The following measures go into effect on July 1, 2021, unless noted otherwise:
- HB 1909 gives school boards the authority to set their own policies when it comes to allowing guns inside buildings regularly operated by the board. If a school board decides to prohibit weapons, the prohibition does not apply to law enforcement. Delegate Suhas Subramanyam served as the patron for this bill.
- HB 1992 prohibits a person convicted of misdemeanor assault and battery of a family or household member from purchasing, possessing, or transporting a firearm for three years following their conviction. A person who violates this provision is guilty of a Class 1 misdemeanor. When an abuser has access to firearms, the risk of intimate partner homicide is 5 times more likely when the victim is female. Black women are twice as likely as white women to be killed by a gun, and Black women between the ages of 18 and 34 are three times more likely to be killed by an intimate partner than their white counterparts. Everytown for Gun Safety estimates that 62 percent of intimate partner homicides in Virginia are carried out with a gun. Delegate Kathleen Murphy sponsored this legislation.

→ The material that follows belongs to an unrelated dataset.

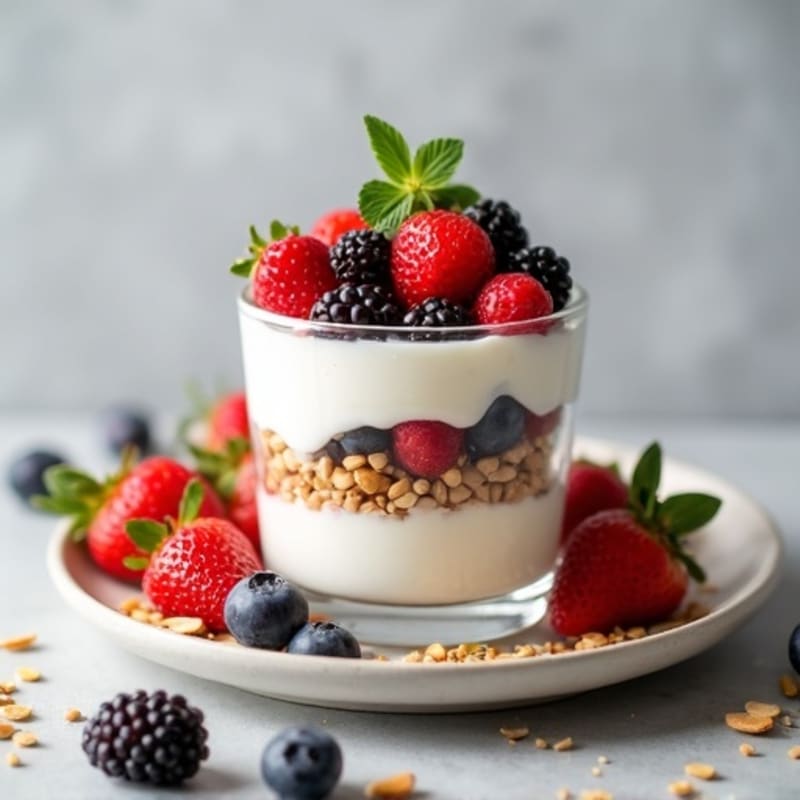 Creamy Greek Yogurt Protein Parfait with Berries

- HB 2081 bans people from possessing guns within 40 feet of polling places on an election day. This applies while the polls are open and ballots are being counted, or within one hour of opening or after closing the polling place. The same ban applies to any building where a local electoral board meets after an election to ascertain results. HB 2081 was carried by Delegate Mark Levine.
- HB 2128 expands the window the FBI has to conduct background checks for gun sales from three days to five business days before allowing a firearms dealer to proceed with a gun sale in Virginia. Under federal law, the FBI has three days to conduct a background check. If it is not completed in time, or if the authorities indicate that they don’t believe the background check can be completed within the time limit, dealers are allowed to sell the firearm without FBI approval, known as a “default proceed,” unless local laws prohibit the sale. “Default proceed” is also known as the “Charleston Loophole.” Nine other states — including Tennessee and Utah — have enacted laws extending the time period for background checks on gun sales, and Virginia now joins that list. Delegate Alfonso Lopez served as the patron for HB 2128.
- HB 2295 bans guns and explosive materials in Capitol Square and state government buildings. Notice of these prohibitions must be posted around the boundary of Capital Square and at each public entrance to buildings covered by the new law. Any firearms or explosives carried in violation of this law are subject to seizure and forfeiture to the Commonwealth. Delegate Levine also patroned this legislation.